Introduction to Single‐Agent and Multi‐Agent Systems - UM-LPM/GIANT GitHub Wiki

Optimization is at the heart of artificial intelligence (AI), allowing agents to make the best possible decisions based on given objectives. In the context of game AI, optimization techniques are essential for creating intelligent, adaptive, and efficient agents.

Depending on the nature of the game and the number of decision-making entities involved, optimization can be classified into two broad categories:

  • Single-Agent Optimization – AI optimizes its own actions to achieve a goal in a static or dynamic environment.
  • Multi-Agent Optimization – Multiple AI agents optimize their actions while interacting with each other in a dynamic environment.

Understanding these concepts is crucial when designing AI for competitive, cooperative, or hybrid game environments.

Agent

An Agent is an autonomous entity capable of observing its environment and making decisions on how to act based on these observations. Its actions impact the environment's state. Agents can be classified from simple to complex types: Passive agents have no goals (e.g., obstacles) and their state does not change, Active agents have simple goals (e.g., animals), and Cognitive agents pursue complex goals (e.g., complex operations).

Key characteristics of an agent include Autonomy, meaning it is at least partially self-sufficient; Local view, as agents do not possess a global perspective; and Decentralization, as agents are not designed to control others.

The environments in which agents operate can be categorized as Virtual, Discrete, or Continuous. Additionally, these environments can be classified based on various criteria, such as:

  • Accessibility, which determines if complete information about the environment can be gathered;
  • Determinism, which refers to whether an action leads to a specific effect;
  • Dynamics, which defines how many entities influence the environment at a given moment;
  • Discreteness, which determines if the number of possible actions is finite;
  • Episodicity, where agent actions in one period may affect subsequent periods;
  • Dimensionality, which relates to whether spatial features are important in decision-making.

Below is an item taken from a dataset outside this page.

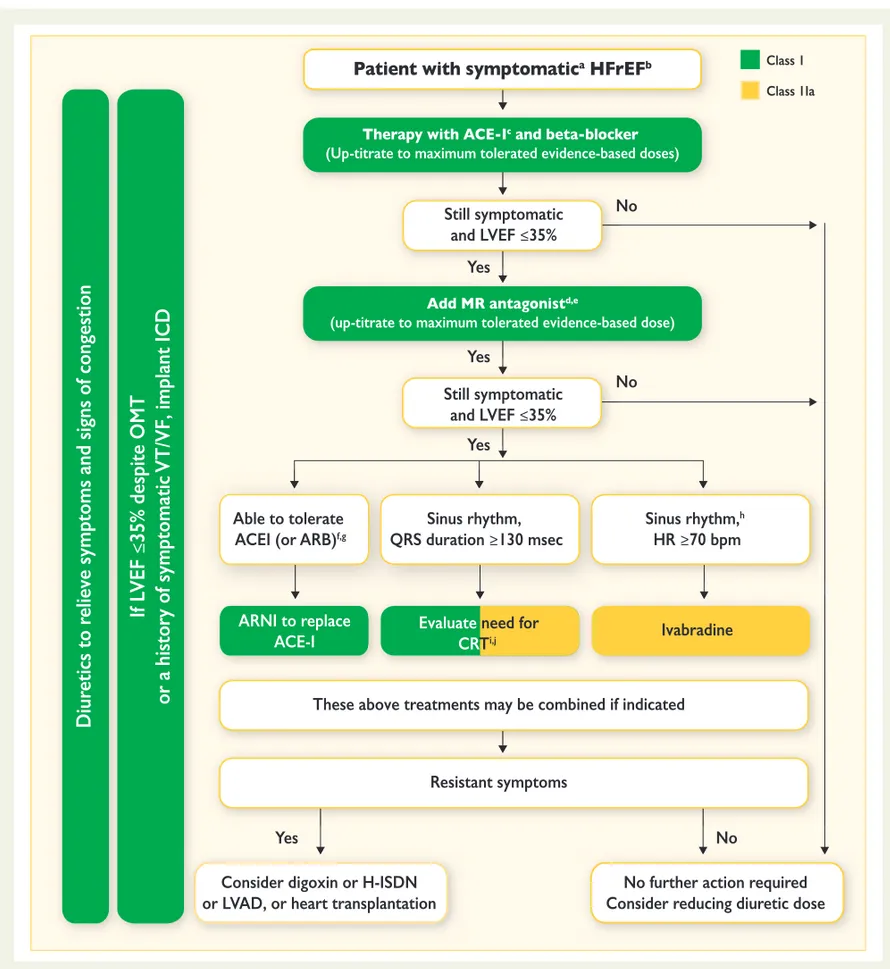 Figure 7.1 Therapeutic algorithm for a patient with symptomatic heart failure with reduced ejection fraction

Agents can have various types of relations:

  • Collaborating agents work together to complete a task;
  • Negotiating agents collaborate but may negotiate on which actions each will perform if a conflict arises;
  • Controlling agents can take control over another agent.

Several properties distinguish agents from simple controllers:

  • Situatedness refers to the agent’s interaction with the environment using sensors and actuators, where all inputs are a direct result of this interaction.
  • Autonomy is the ability to independently choose actions without external intervention.
  • Inferential capability allows an agent to operate on abstract goals, deriving observations through information generalization.
  • Responsiveness is the ability to quickly perceive the environment’s state and adapt to changes.
  • Pro-activeness enables an agent to take initiative and adapt to changes in a dynamic environment.
  • Social behavior involves the agent’s ability to cooperate with others to achieve a goal, share knowledge, and learn from experiences of other entities.

Agents can be further classified as weak or strong based on their capabilities.

The typical composition of an autonomous agent is depicted in the diagram below:

Agent Architecture

In gaming environments, autonomous agents often follow a goal-directed architecture. Agents decide which goal to pursue based on periodic checks, with each goal linked to an algorithm that dictates rational behavior. Teams of evolving agents decide on goals based on a decision tree developed through genetic programming.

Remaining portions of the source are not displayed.